Démocratie, direct !
La gauche est en crise. Ses stratégies sont pour l’instant inopérantes, voire contre-productives, comme le montrent sa disparition en Italie et l’union sacrée de la fausse gauche avec la vraie droite en Allemagne. Et si la crise de "la gauche" était elle aussi systémique, consubstantielle à la crise planétaire ?
Qu’est-ce que la gauche ?
Le terme est né en France, quand les opposants au féodalisme s’assirent à gauche et les conservateurs à droite de l’hémicycle. La principale revendication était l’abolition des privilèges de la noblesse et du clergé. Celle ci fut votée par une assemblée majoritairement de droite, sous la pression de révoltes populaires dépassant les moyens de répression de l’époque, le 4 août 1789.

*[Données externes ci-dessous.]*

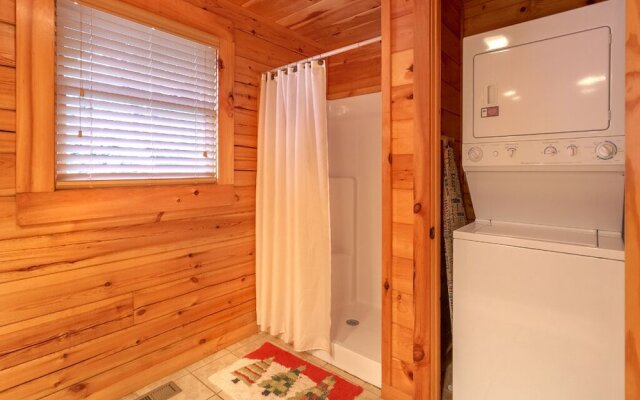 UnFirgettable 2 Bedroom Home with Hot Tub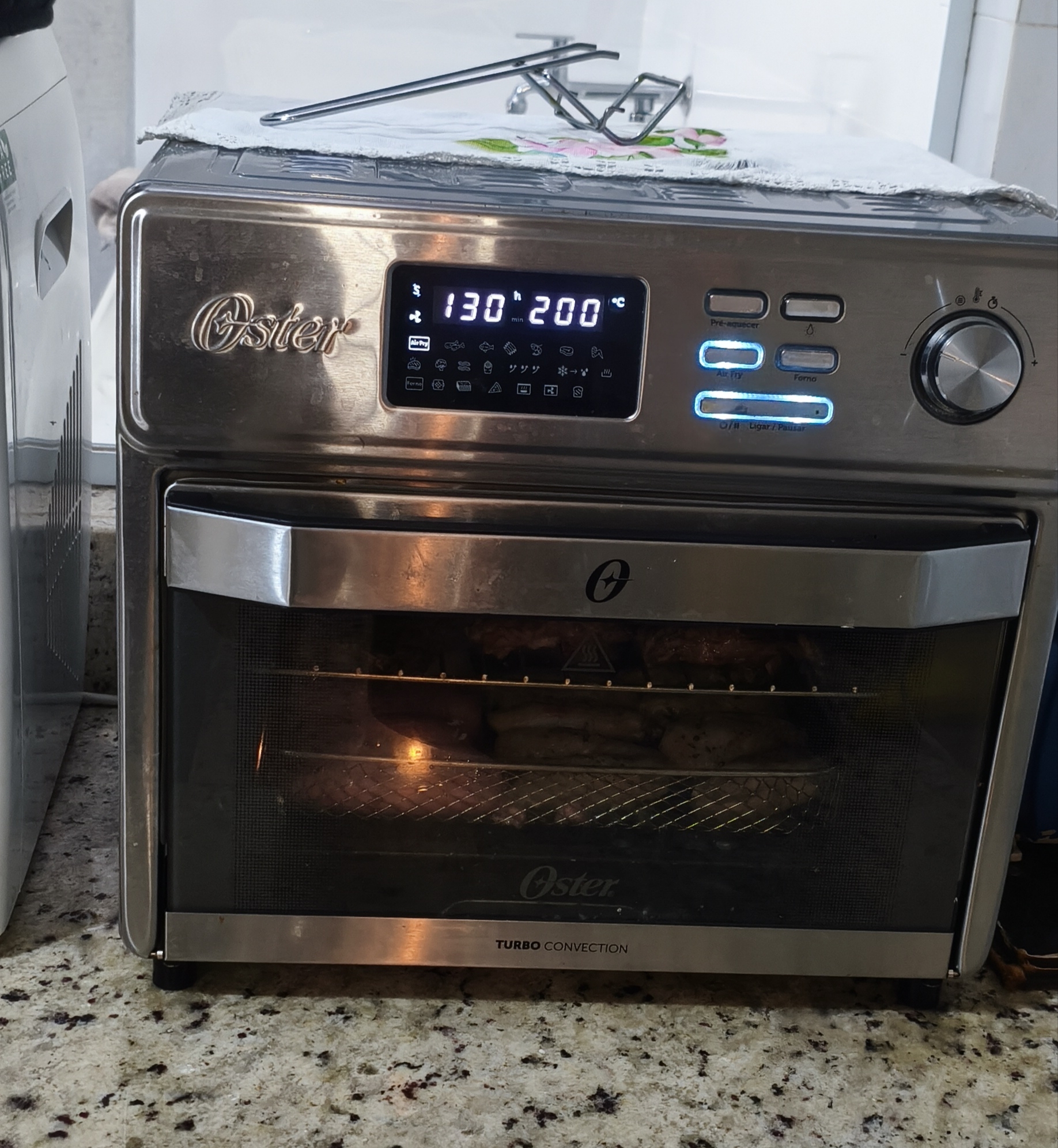 Oster OFOR250 com carne e frango nas duas grelhas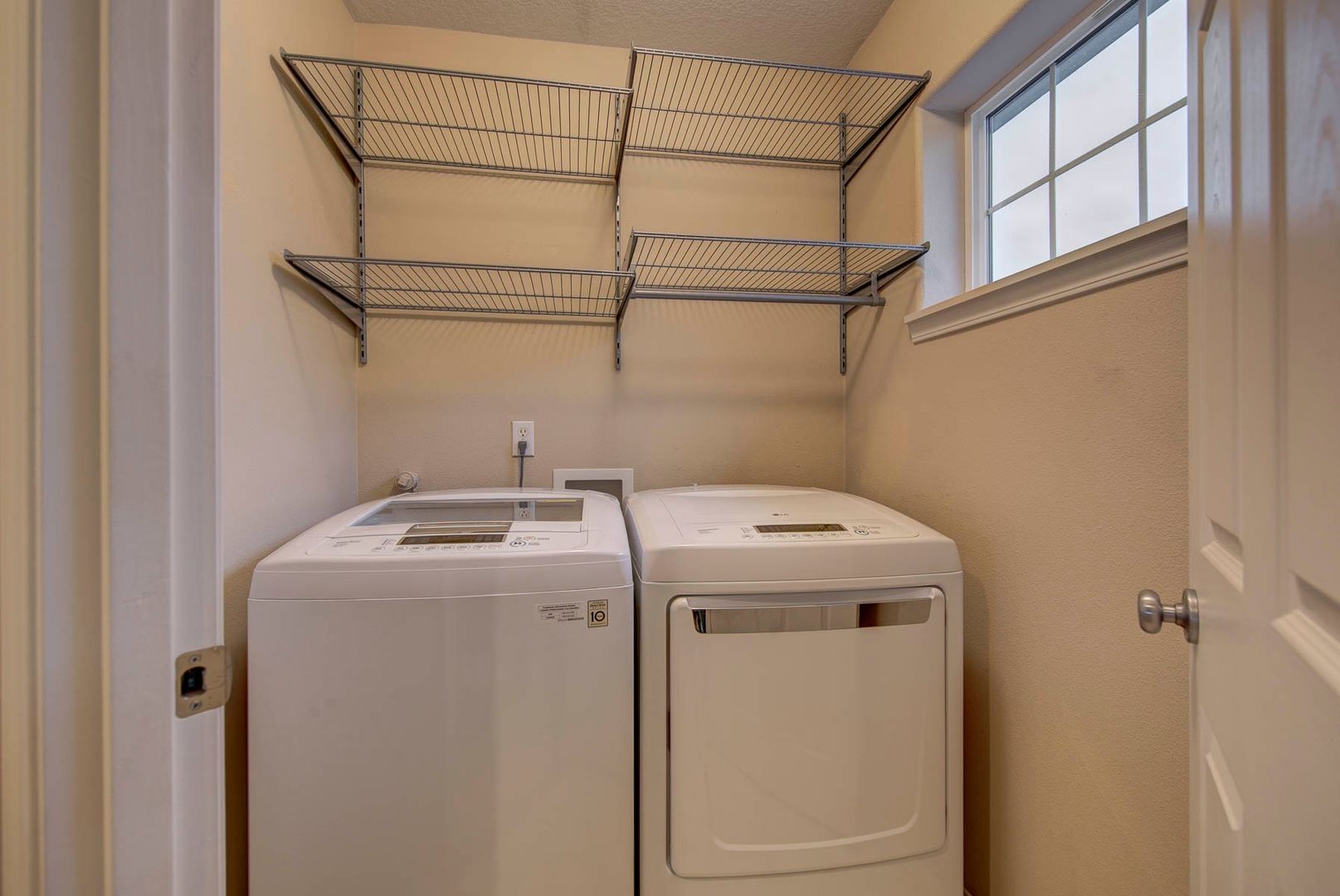 4253 NW Diamondback Drive - Beaverton - Oregon - 4 bed, 2.5 bath rental property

La gauche s’est définie par son opposition aux privilèges, et la droite par son attachement aux sauveurs suprêmes, aux césars et aux tribuns. L’étymologie fournit ainsi en axiome une définition "universelle" de la droite et de la gauche, sans ethnocentrisme ni chronocentrisme. Historiquement, le libéralisme philosophique n’est pas de droite, et une Nomenklatura n’est pas de gauche. Le clivage n’a rien de nouveau : la droite veut des hommes providentiels, des rois et des chefs, des délégués et des patrons, des guides et des führers, et leur concède bien volontiers les privilèges de leur éminence putative, et la gauche veut une réelle démocratie (Polis-tikès). Leurs corpus respectifs opposent deux modèles d’organisations : l’idéologie de droite est celle des pyramides hiérarchiques, et l’idéologie de gauche celle des organisations en réseaux.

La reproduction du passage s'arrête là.